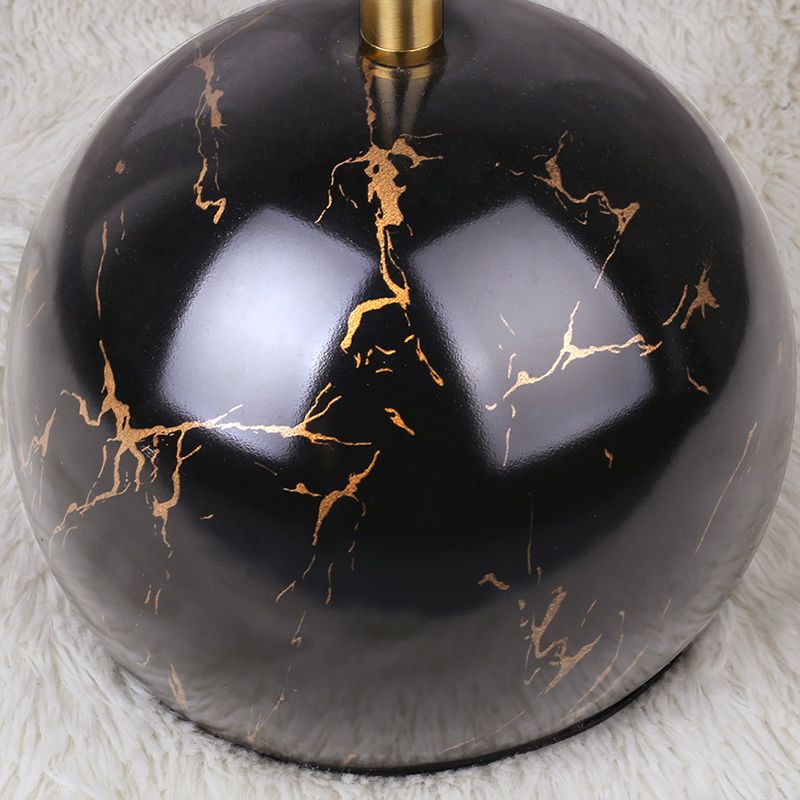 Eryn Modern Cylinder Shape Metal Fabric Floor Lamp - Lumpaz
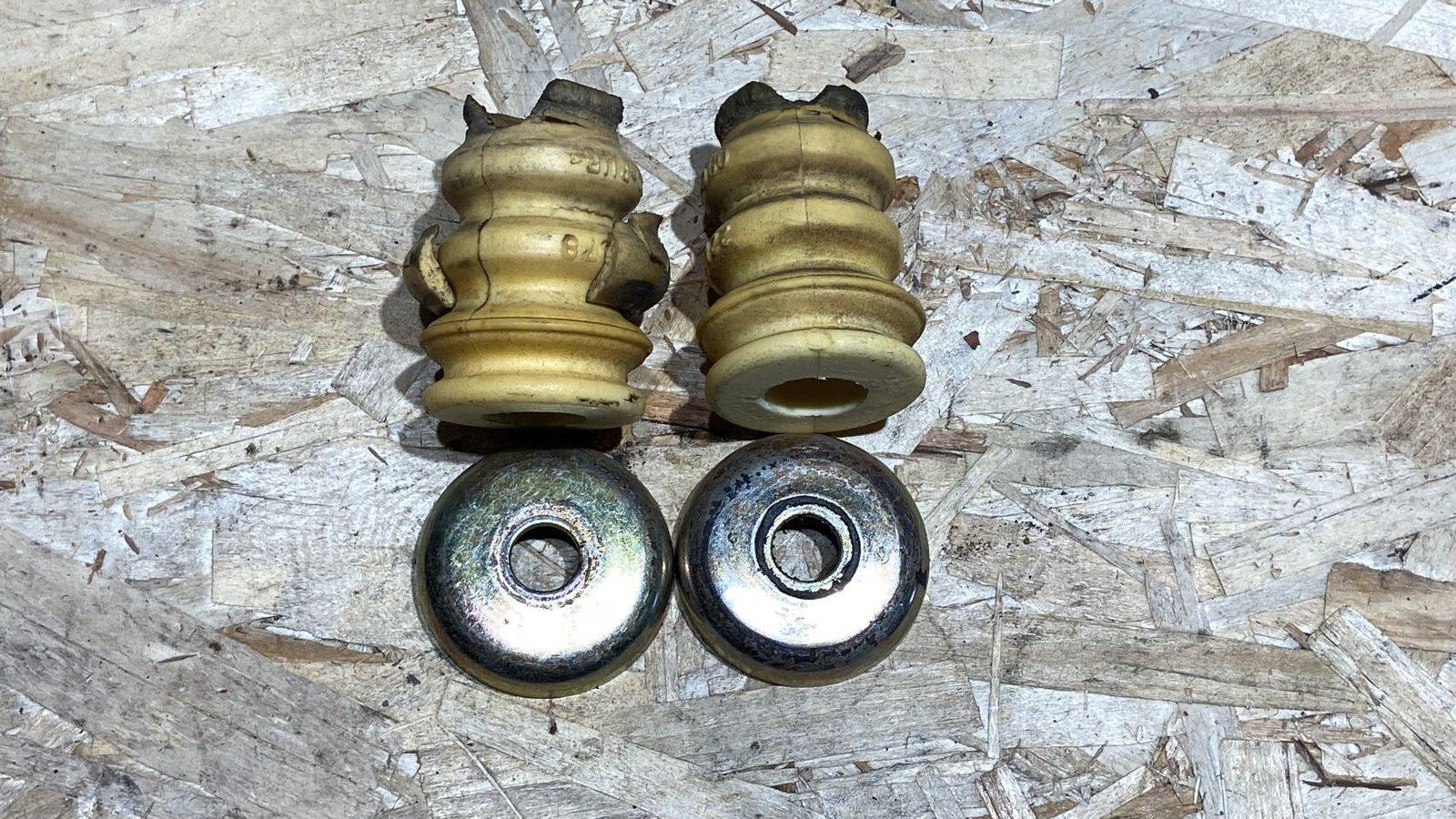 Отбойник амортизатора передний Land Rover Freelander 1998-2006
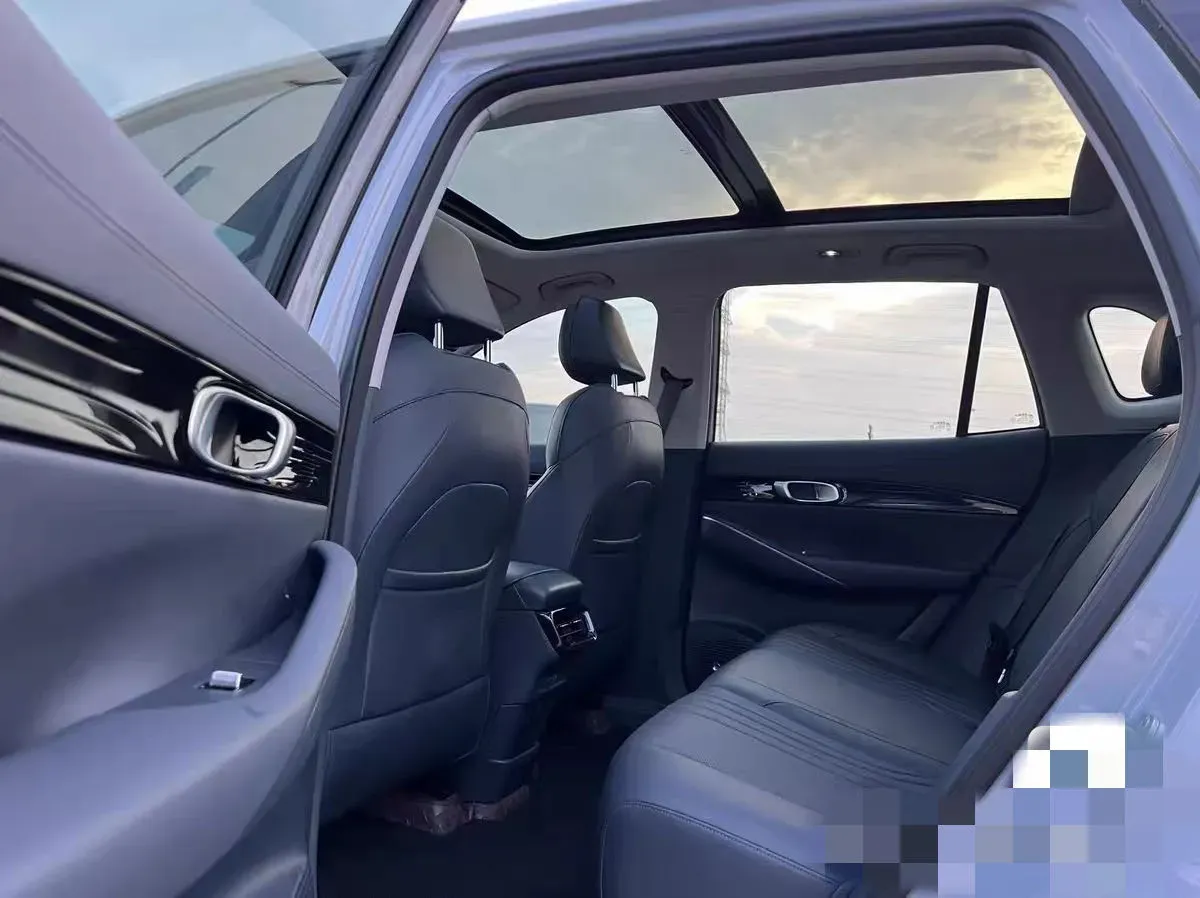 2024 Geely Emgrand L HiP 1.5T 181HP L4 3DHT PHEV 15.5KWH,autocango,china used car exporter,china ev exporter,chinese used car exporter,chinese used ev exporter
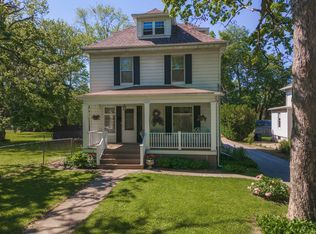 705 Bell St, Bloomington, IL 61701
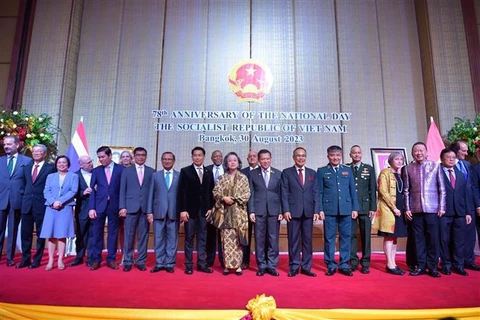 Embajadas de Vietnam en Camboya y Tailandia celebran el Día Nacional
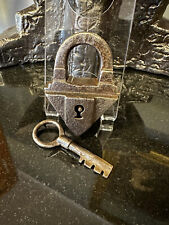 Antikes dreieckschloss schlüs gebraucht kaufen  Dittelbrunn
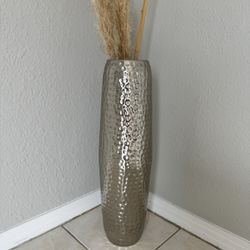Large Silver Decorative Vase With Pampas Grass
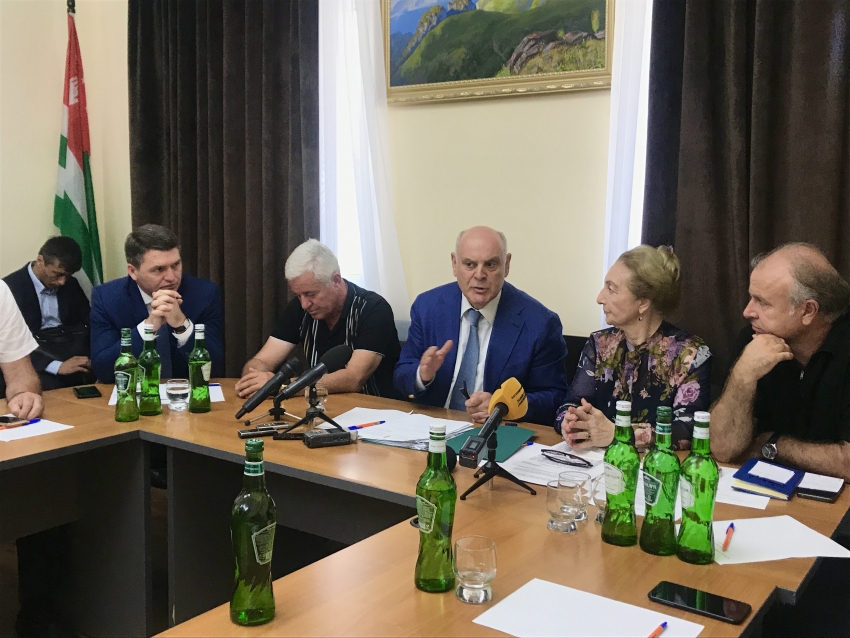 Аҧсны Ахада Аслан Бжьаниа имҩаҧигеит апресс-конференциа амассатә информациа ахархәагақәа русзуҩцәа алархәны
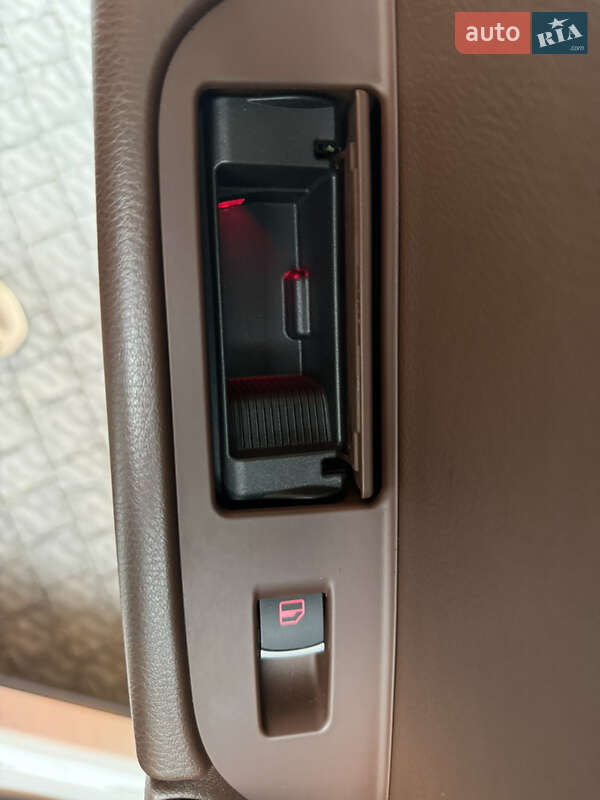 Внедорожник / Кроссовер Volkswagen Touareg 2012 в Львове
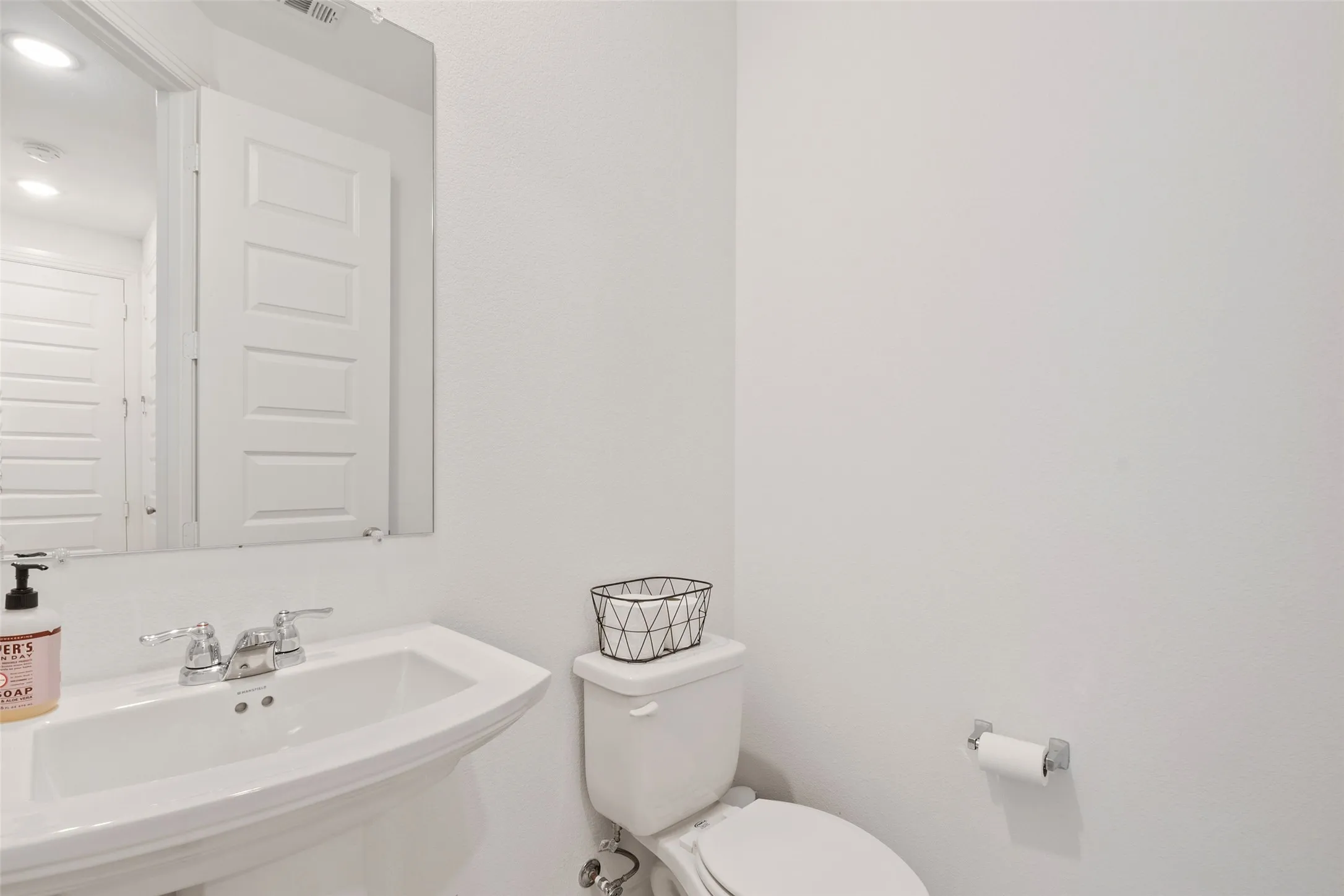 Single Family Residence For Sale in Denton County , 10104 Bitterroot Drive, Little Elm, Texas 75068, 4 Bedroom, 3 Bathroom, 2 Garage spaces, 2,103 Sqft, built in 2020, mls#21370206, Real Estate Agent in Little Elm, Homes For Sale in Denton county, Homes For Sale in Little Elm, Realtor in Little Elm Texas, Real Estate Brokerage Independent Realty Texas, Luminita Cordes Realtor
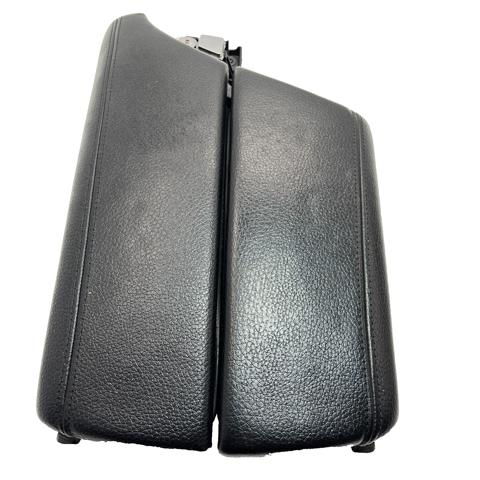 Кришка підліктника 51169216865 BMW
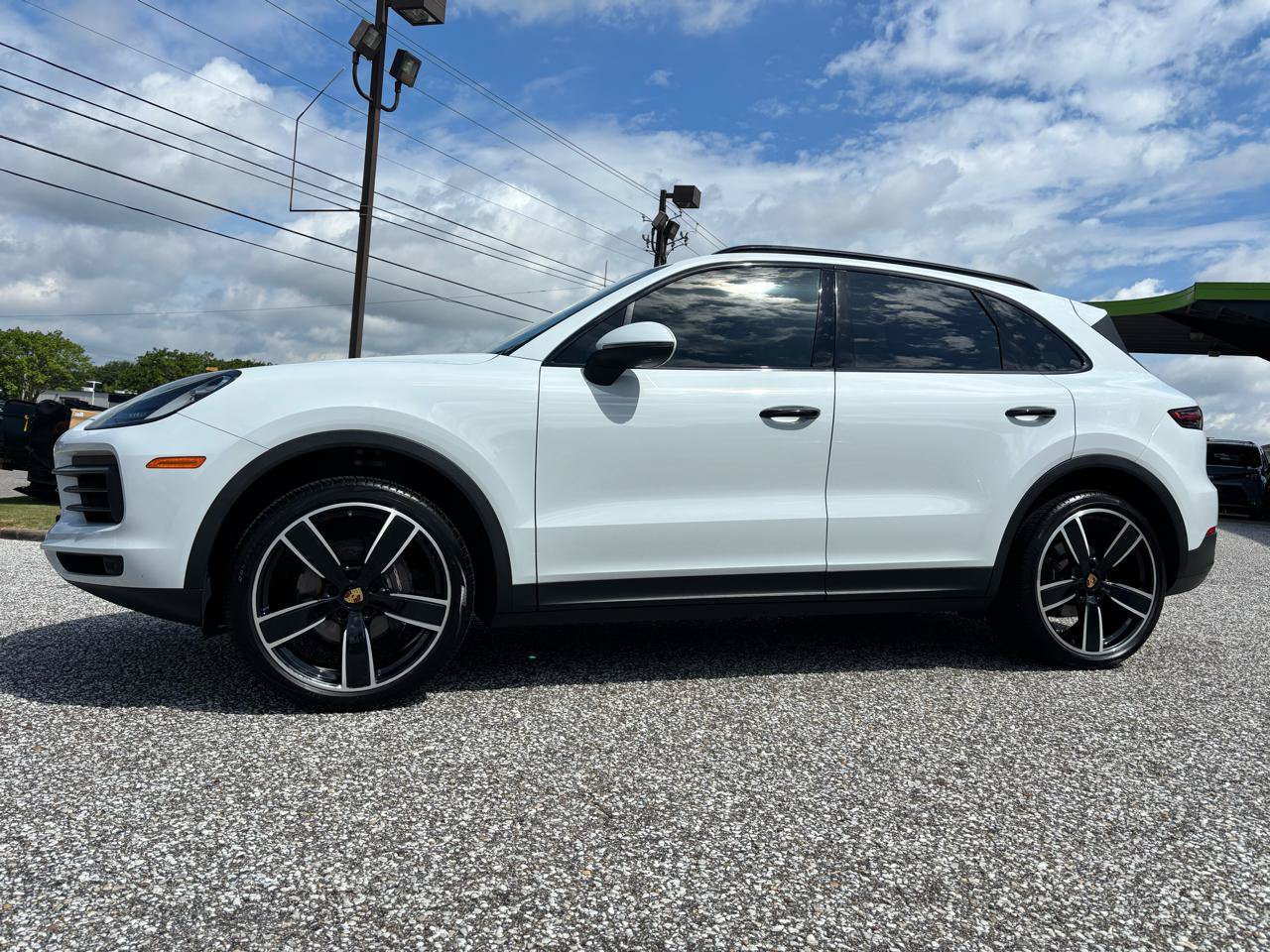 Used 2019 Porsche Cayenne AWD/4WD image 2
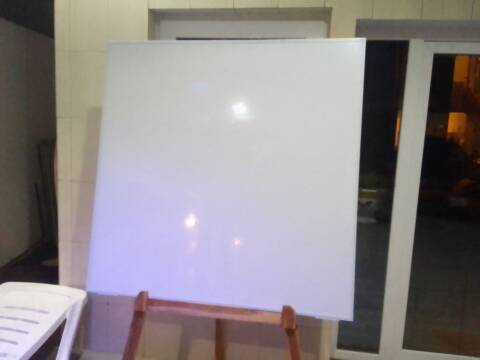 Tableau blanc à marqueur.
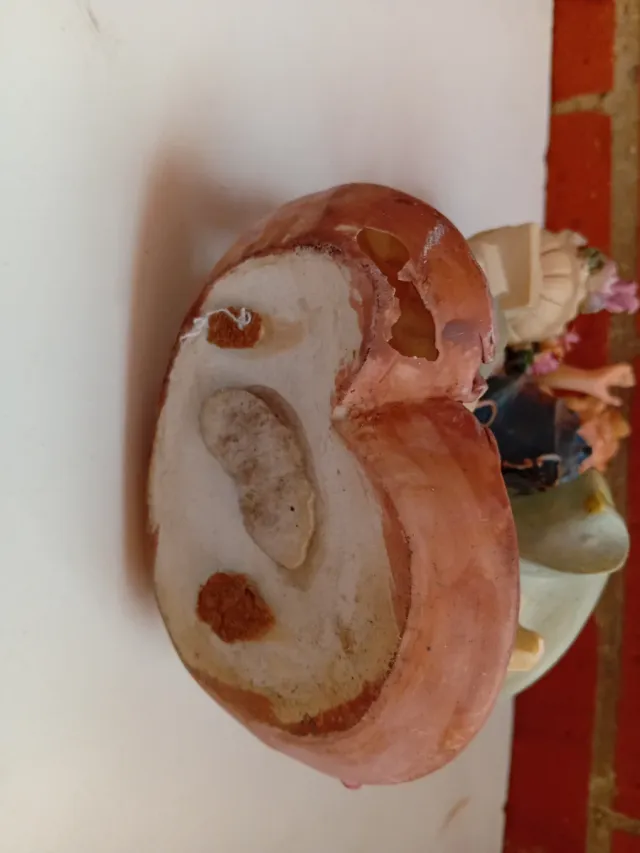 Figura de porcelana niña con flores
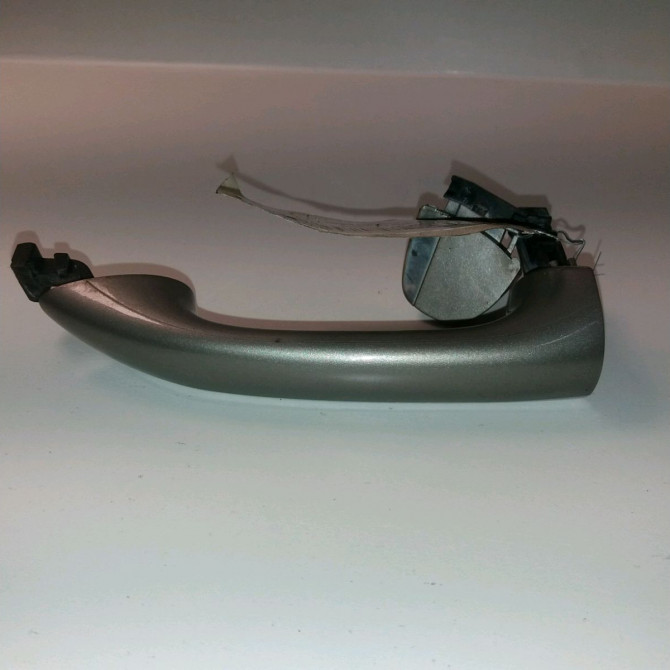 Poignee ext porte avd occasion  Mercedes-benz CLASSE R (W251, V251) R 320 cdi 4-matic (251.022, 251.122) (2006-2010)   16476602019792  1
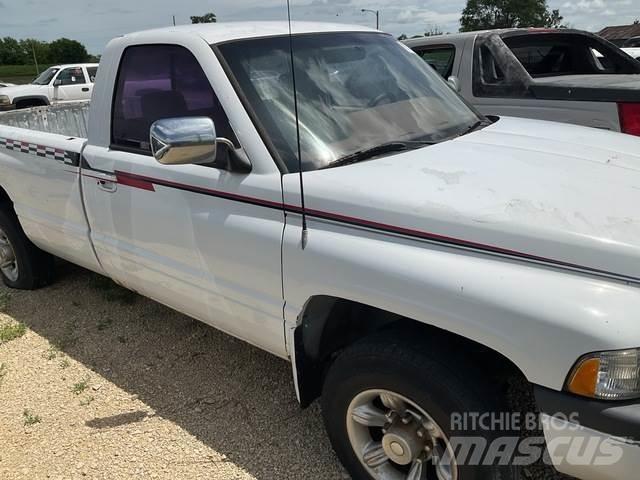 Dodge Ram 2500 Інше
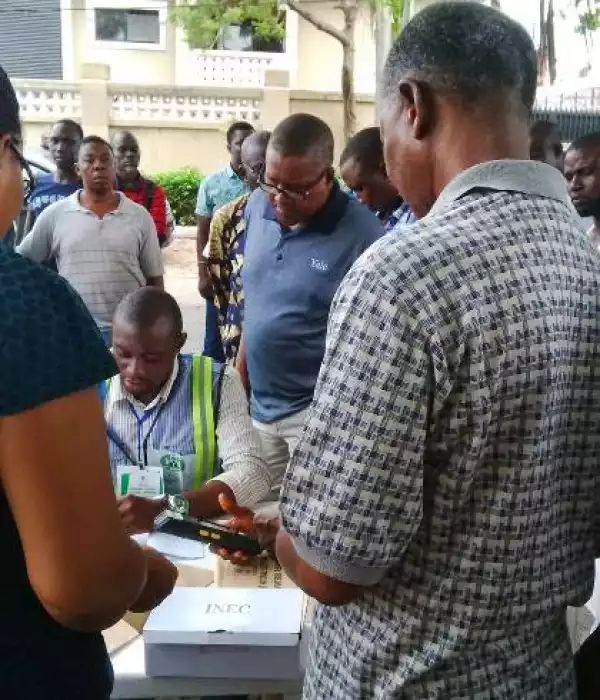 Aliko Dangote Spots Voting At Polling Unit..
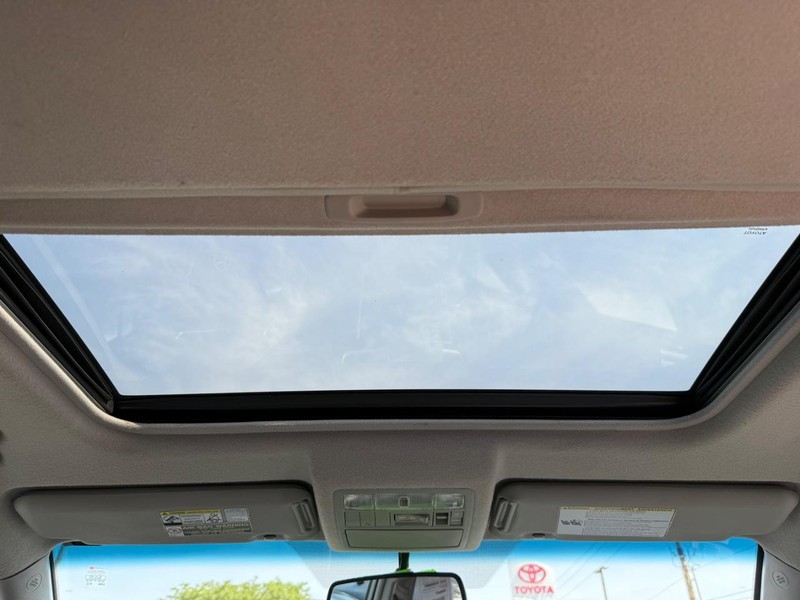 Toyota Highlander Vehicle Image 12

++++++++++

Your answer must be the lines above from the one holding "Large Silver Decorative" up to and including the one holding "Tableau blanc à marqueur.", exact and with no pictures.

Response area:
Large Silver Decorative Vase With Pampas Grass
 Аҧсны Ахада Аслан Бжьаниа имҩаҧигеит апресс-конференциа амассатә информациа ахархәагақәа русзуҩцәа алархәны
 Внедорожник / Кроссовер Volkswagen Touareg 2012 в Львове
 Single Family Residence For Sale in Denton County , 10104 Bitterroot Drive, Little Elm, Texas 75068, 4 Bedroom, 3 Bathroom, 2 Garage spaces, 2,103 Sqft, built in 2020, mls#21370206, Real Estate Agent in Little Elm, Homes For Sale in Denton county, Homes For Sale in Little Elm, Realtor in Little Elm Texas, Real Estate Brokerage Independent Realty Texas, Luminita Cordes Realtor
 Кришка підліктника 51169216865 BMW
 Used 2019 Porsche Cayenne AWD/4WD image 2
 Tableau blanc à marqueur.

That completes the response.